The disruptive strikes that pitted the French government’s calls for austerity against popular support for the welfare state ended nearly two weeks ago - everywhere but here.
The city bus and subway system in this sprawling and anarchic Mediterranean port has been shut down since Dec. 7 and could remain closed into the new year unless the authorities try to force parts of it open under police protection.
It is a struggle that has come to be viewed as a test of whether French workers can ever be brought to accept the idea that sacrificing a high standard of living may be necessary to preserve jobs.
The immediate issue is a two-year-old policy of paying new public transport workers less and requiring them to work longer and more flexible hours than older workers with seniority.
Such a double-tier contract is like those that many German, British and U.S. enterprises have used to cut wages and benefits that they say they cannot continue to pay in an increasingly competitive global market.
“If we don’t wreck the plan here, it will be tried in every other city in France with a public transport system,” said Jean-Louis Donniacuo, a leader of the Communist-affiliated General Confederation of Labor. “We say that a city like Marseilles ought to be able to pay for urban transport.”
But Henri Loisel, a city official leading negotiations with the five striking unions, said, “The city pays more than 500 million francs a year to make up the deficit in the public transportation system, and it simply cannot go on doing so indefinitely.”
The deficit, the equivalent of about $100 million a year, had to be brought down by improving labor productivity, he said.
Otherwise, service would have to be cut back, he said. Fares are $1.20 to $1.60, depending on the length of a trip, and he said they could hardly be raised further without becoming prohibitive.
The unions rejected a city offer of more than a million dollars to bolster workers’ benefits last weekend. Loisel said that he could offer more money to reduce the wage gap between the two categories of transport workers, but that the city would not give up its insistence on more flexible work schedules.
So Marseilles, a city of 800,000, goes on playing out a drama that ended nationally earlier this month.
The transport strike here had its own causes, but it was set off, everybody agrees, when Prime Minister Alain Juppe tried to reduce the $59.3 billion French budget deficit by whittling down some of the benefits regarded as rights by civil servants.
A result was a three-week shutdown of the national railroad system and work stoppages in schools and post offices that ended in most places the week before Christmas.
If Juppe thought that most people would support his proposals to make locomotive engineers retire as everyone else does at 60, instead of 10 years earlier as they were allowed to do when they sweltered in steam locomotives instead of electronic consoles, public opinion polls proved that he was wrong.
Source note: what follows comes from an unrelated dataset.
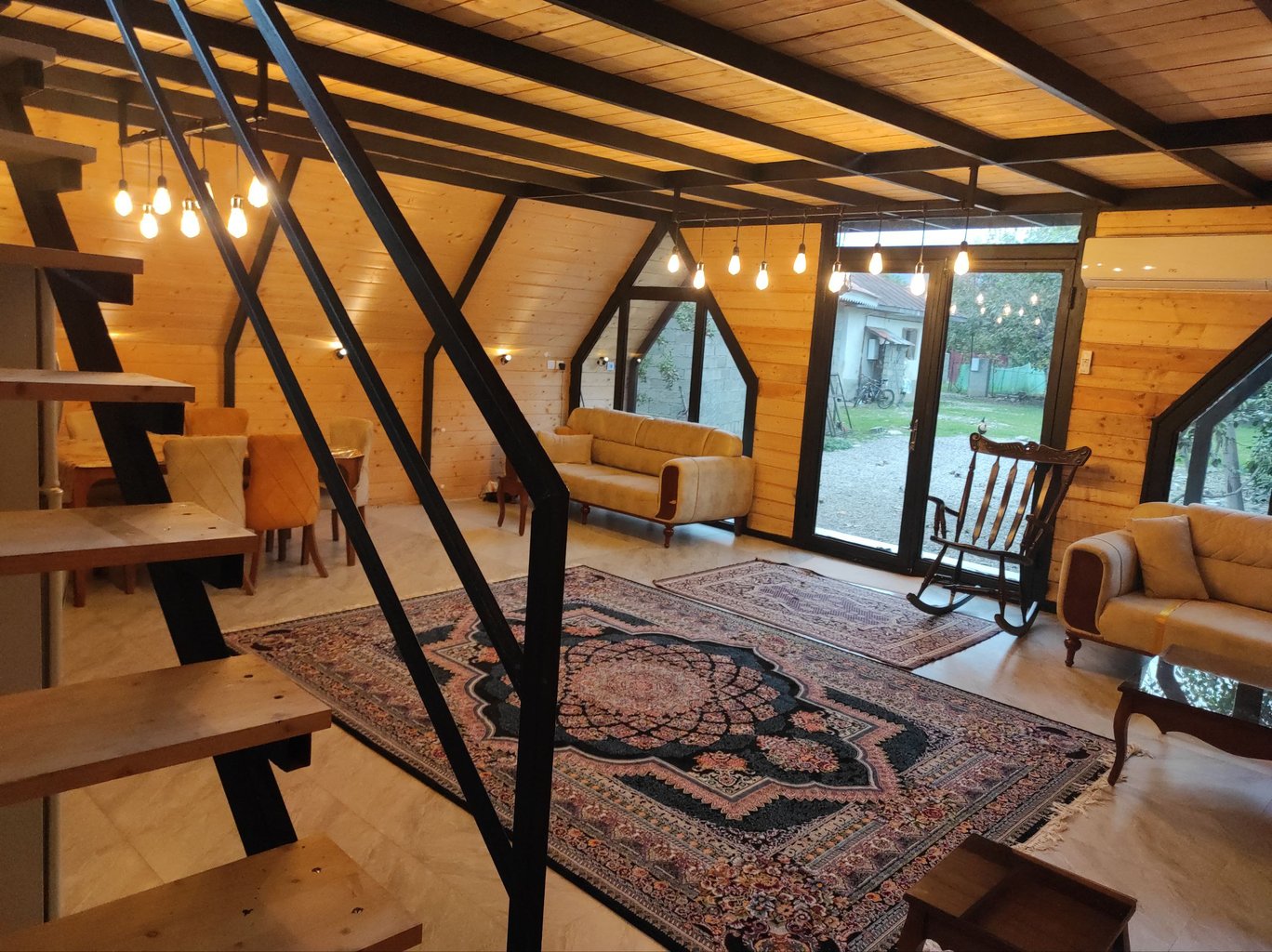 کلبه یک خوابه سوئیسی فرخان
The national strikes ended when Juppe promised to leave things as they were, allowing locomotive engineers to retire at 50 and civil servants to collect pensions after working for 37.5 years, instead of 40 years as in private industry.
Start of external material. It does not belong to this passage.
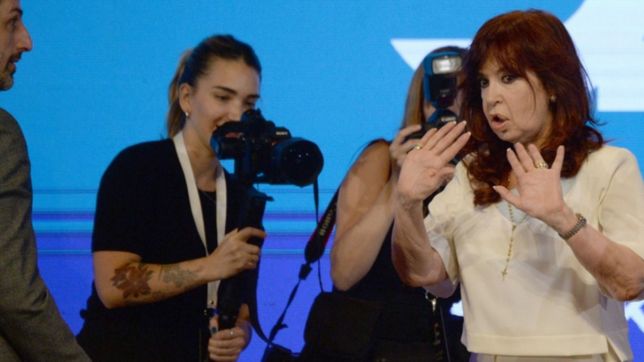 casacion reabre causas contra cfk y dispone juicios por hotesur y memorandum con iran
Trains started rolling again in Marseilles, too, but by then the bus and subway strike had focused on rolling back the two-tier wage plan that had been introduced over union objections in 1993.
“The plan is not as unfair as the unions say it is,” Loisel said of the two-tier system. “New workers start with base salaries below senior workers, but they can finish higher, with bonuses. But salaries are not so important to the city as flexibility in working hours, and the mayor has said we cannot go back on that.”
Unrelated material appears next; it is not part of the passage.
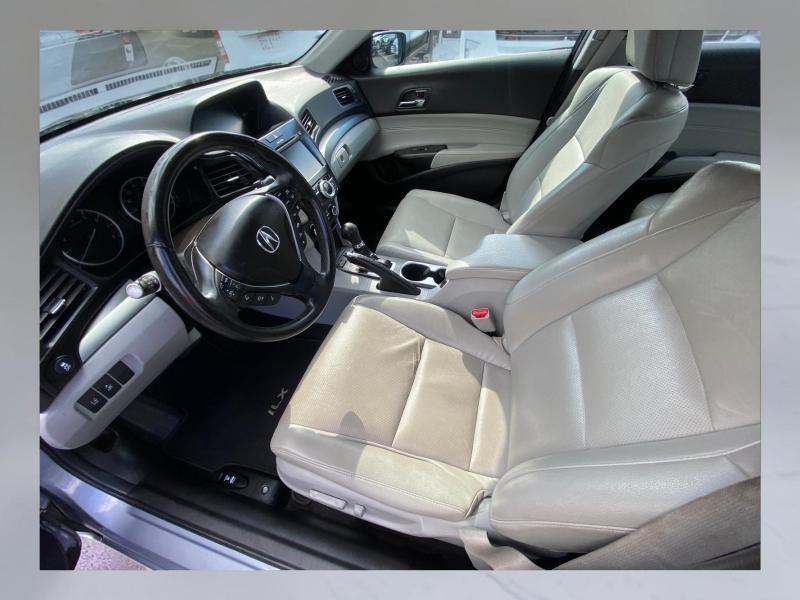 Acura ILX 8-Spd AT w/ Premium Package 2016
The flexibility the city wants is the ability to ask a bus driver like Laurent Kalfon, 26, to work 39 hours a week when it needs him - from 4:30 a.m. to noon, for instance, but maybe also from 4 to 5:30 the same afternoon, instead of just the straight 6 hours and 40 minutes a day that drivers with more seniority work.
And it would not allow him to take vacation in July or August, when senior workers do; he would have to settle for the off-season.